今回も内容の濃い映画がたくさん上映されたみたいですね!
tadyさんのコメントを参考にイタリアでDVDを購入してこようと思います。
Posted by uovo at 2011年05月14日 13:15
uovoさん、コメントありがとうございます。
震災以後、いろいろ考えてしまって、更新が鈍っています。
イタリア映画祭で見た映画については、とにかく書いておかないと、忘れてしまうので、頑張って書いてみました。

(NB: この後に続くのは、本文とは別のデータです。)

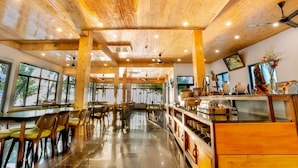 Ein geräumiges Restaurant mit Holzbalkendecke, großen Fenstern und einem glänzenden Boden.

震災と津波による被災の甚大さに、立ち止まっている部分はあるのですが、なんといっても原発事故が収束しないうちは、気持ちの上で、重石を乗せられているようで、日々、ネットで放射線量をチェックしたり、記者会見の中継動画を見たりして、ことの深刻さに身が竦んでしまう状況です。
今の自分が、もう少し身軽な状況なら、さっさとイタリアに避難しちゃうんですけどね。
今回のイタリア映画祭の上映作品を見て、イタリアもけっして良い状況にはないんだろうなとは思いました。
ベルルスコーニ政権が、イタリアを疲弊させているのではないかと思ってしまいます。
この閉塞感に風穴を開けるような、もう少し、未来に夢が持てるような、スカッとした希望を与えてくれるような事がないかと思っています。
仕事柄、日々終末へと向かっている老人たちの世話をしていると、その人たちの「今」を支えてあげなければという思いはあるものの、明るい未来や希望ってものからとおーくなっている自分がいたりします。